*WHAT TO WORK ON:* Nothing but the lines below from the one with "Anální hák s kroužkem na penis a varlata" through the one with "Chicken Black Bean" should be output, each exactly as given, and no pictures.

*LISTED RECORDS:*

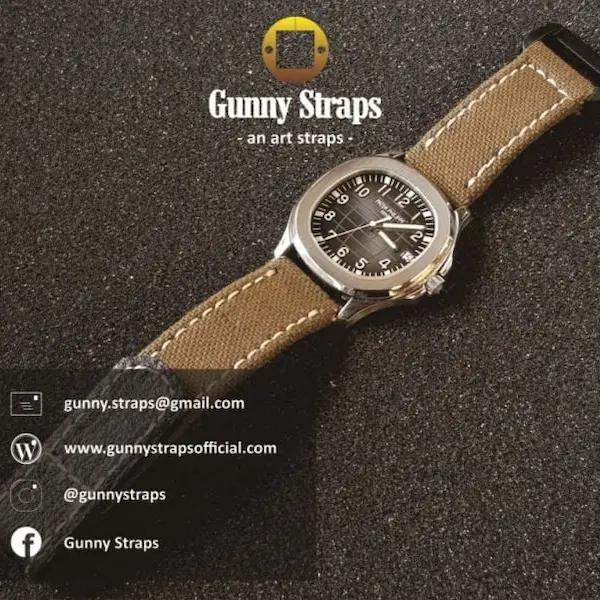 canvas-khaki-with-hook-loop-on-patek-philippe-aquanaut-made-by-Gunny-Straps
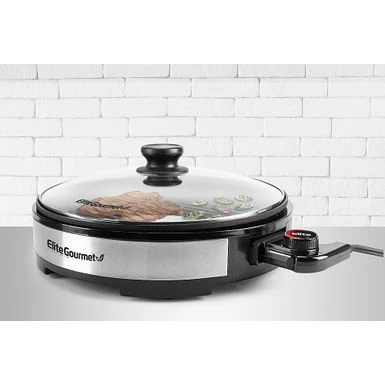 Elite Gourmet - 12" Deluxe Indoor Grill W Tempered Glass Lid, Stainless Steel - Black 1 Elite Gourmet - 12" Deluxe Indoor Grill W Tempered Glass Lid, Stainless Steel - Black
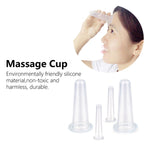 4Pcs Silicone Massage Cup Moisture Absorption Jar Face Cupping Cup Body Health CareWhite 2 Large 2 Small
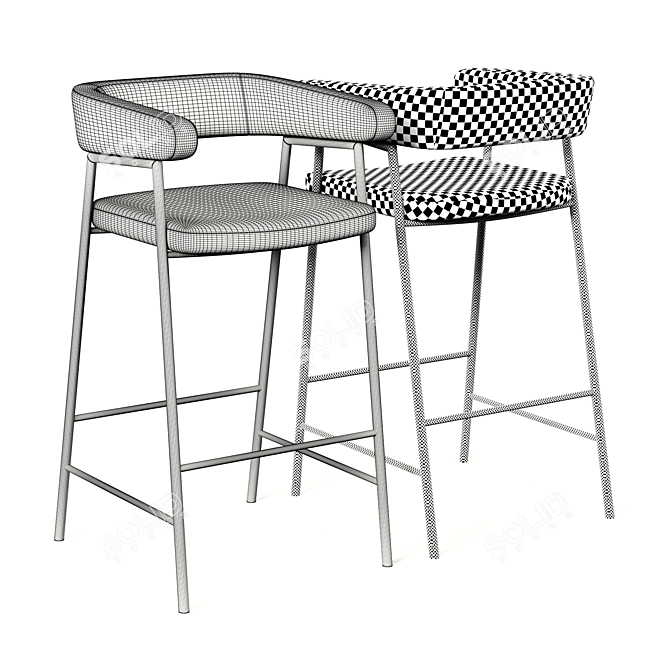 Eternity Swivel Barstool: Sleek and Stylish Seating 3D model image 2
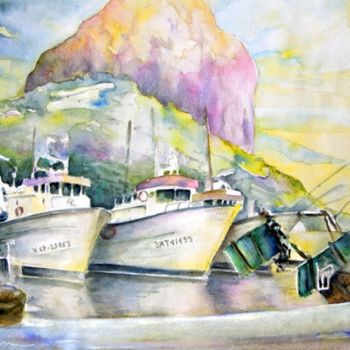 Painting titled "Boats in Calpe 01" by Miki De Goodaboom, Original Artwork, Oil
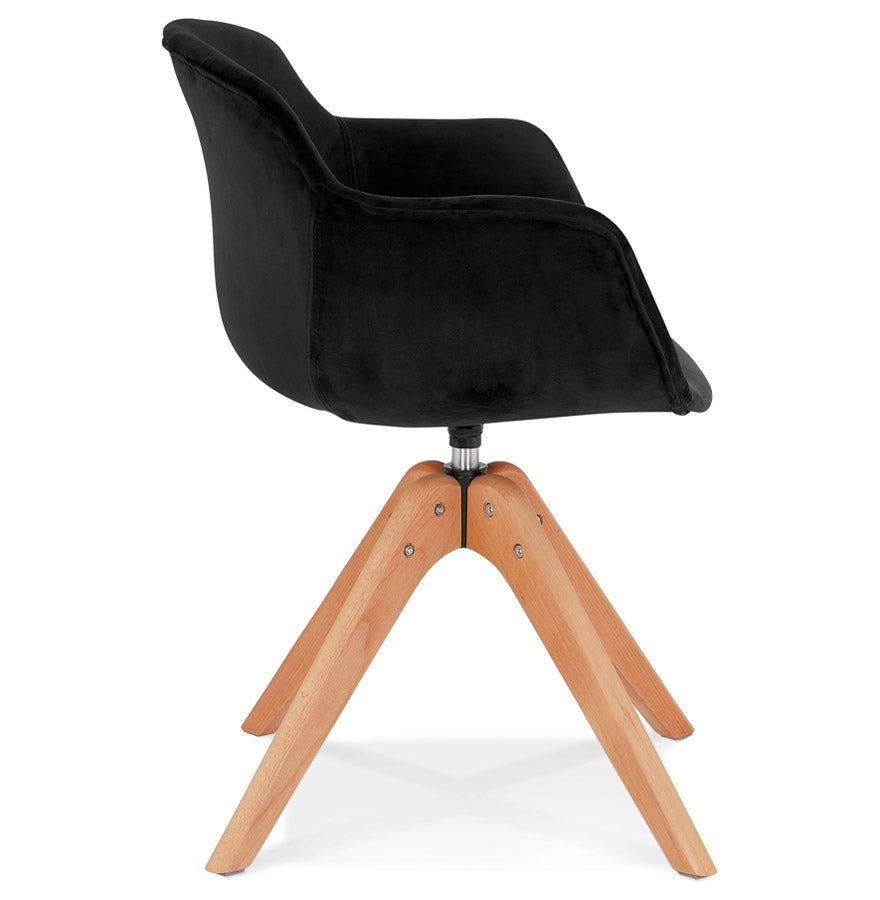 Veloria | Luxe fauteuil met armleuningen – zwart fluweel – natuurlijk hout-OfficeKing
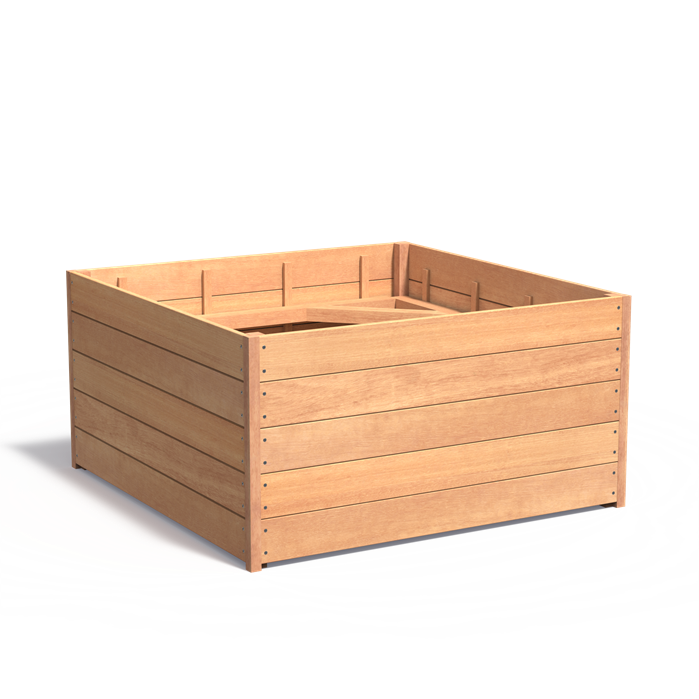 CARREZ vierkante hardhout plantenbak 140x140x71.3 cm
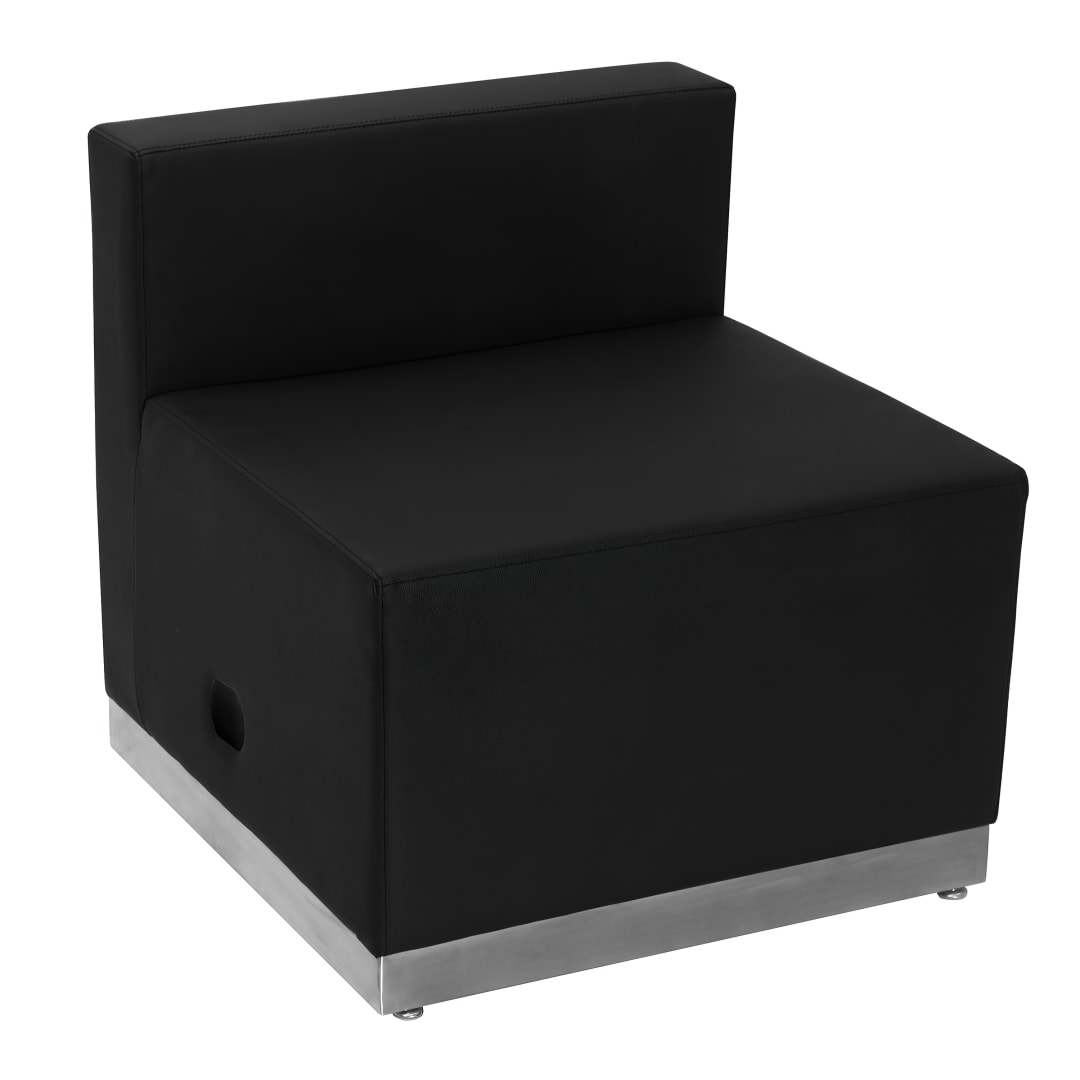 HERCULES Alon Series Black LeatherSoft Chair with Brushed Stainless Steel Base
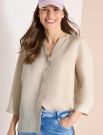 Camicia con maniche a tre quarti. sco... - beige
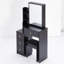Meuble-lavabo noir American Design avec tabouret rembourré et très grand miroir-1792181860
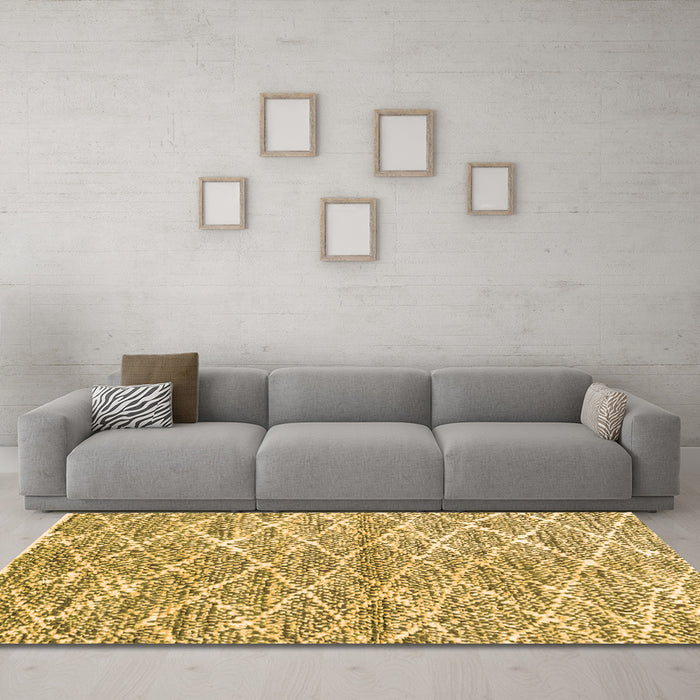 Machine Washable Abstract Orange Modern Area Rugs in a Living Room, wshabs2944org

...

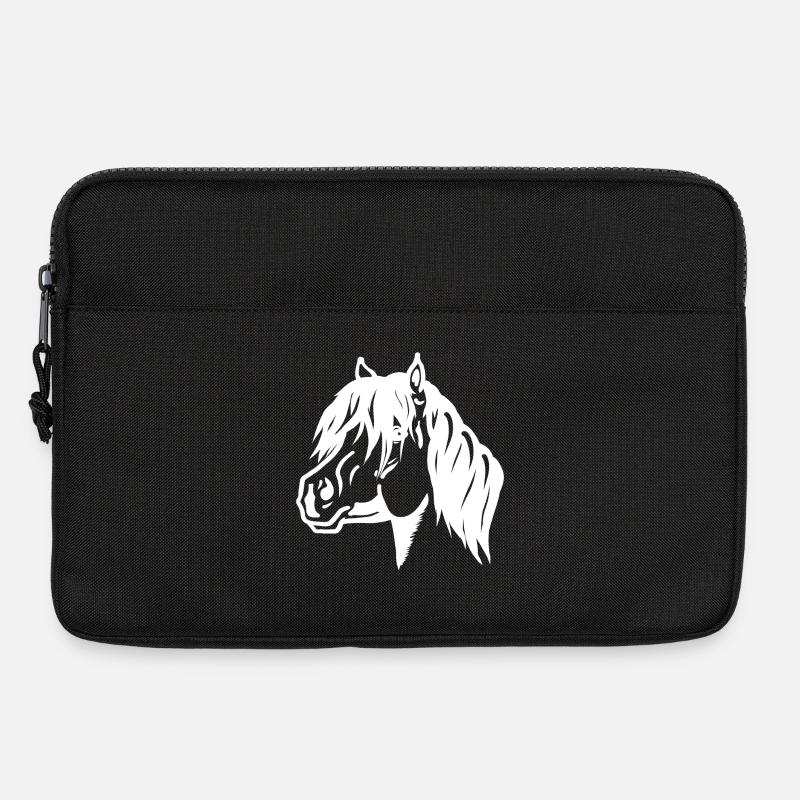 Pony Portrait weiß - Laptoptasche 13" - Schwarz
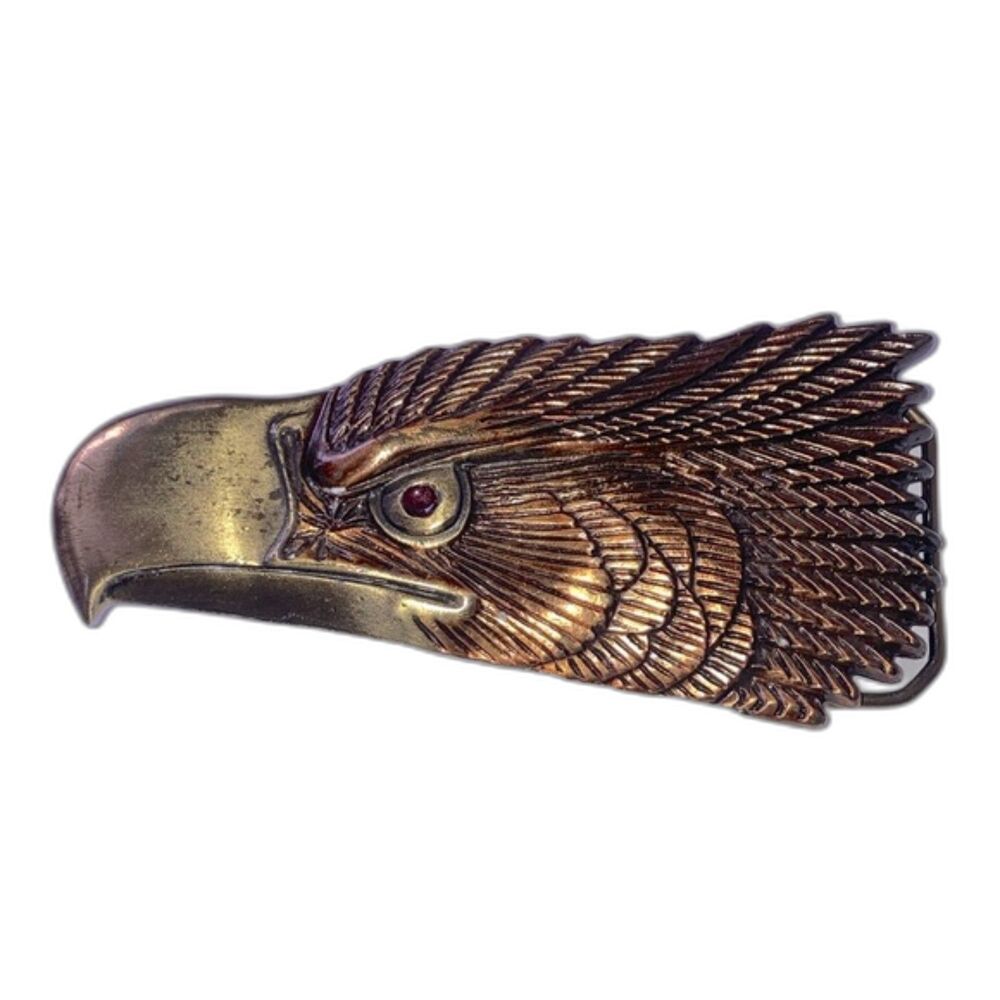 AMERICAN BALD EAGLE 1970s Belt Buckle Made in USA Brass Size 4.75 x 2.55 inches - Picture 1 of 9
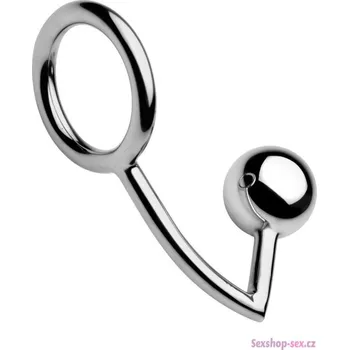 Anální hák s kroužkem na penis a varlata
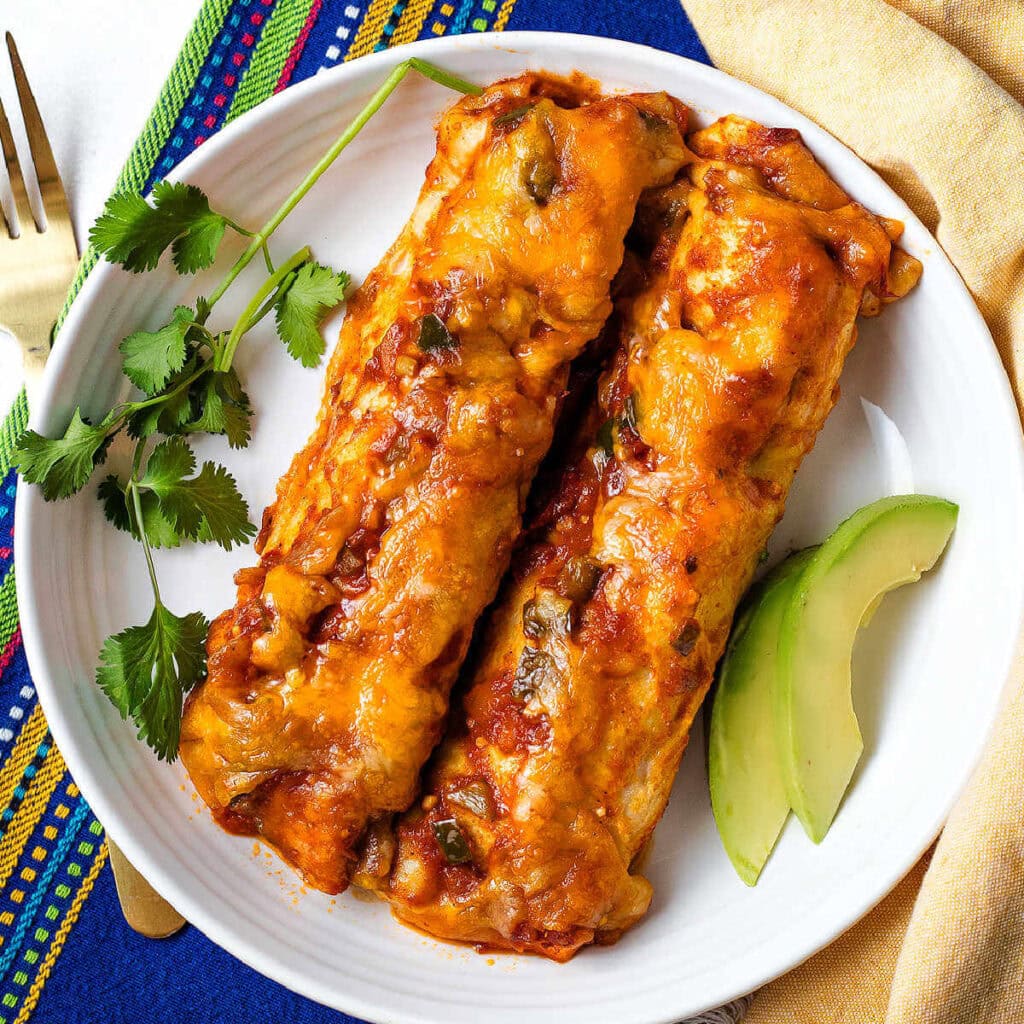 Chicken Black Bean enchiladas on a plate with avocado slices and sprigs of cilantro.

--

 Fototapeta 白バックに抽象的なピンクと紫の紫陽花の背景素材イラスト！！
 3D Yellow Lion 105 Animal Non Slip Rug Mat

*EXERCISE RESULT:*
 Anální hák s kroužkem na penis a varlata
 Chicken Black Bean enchiladas on a plate with avocado slices and sprigs of cilantro.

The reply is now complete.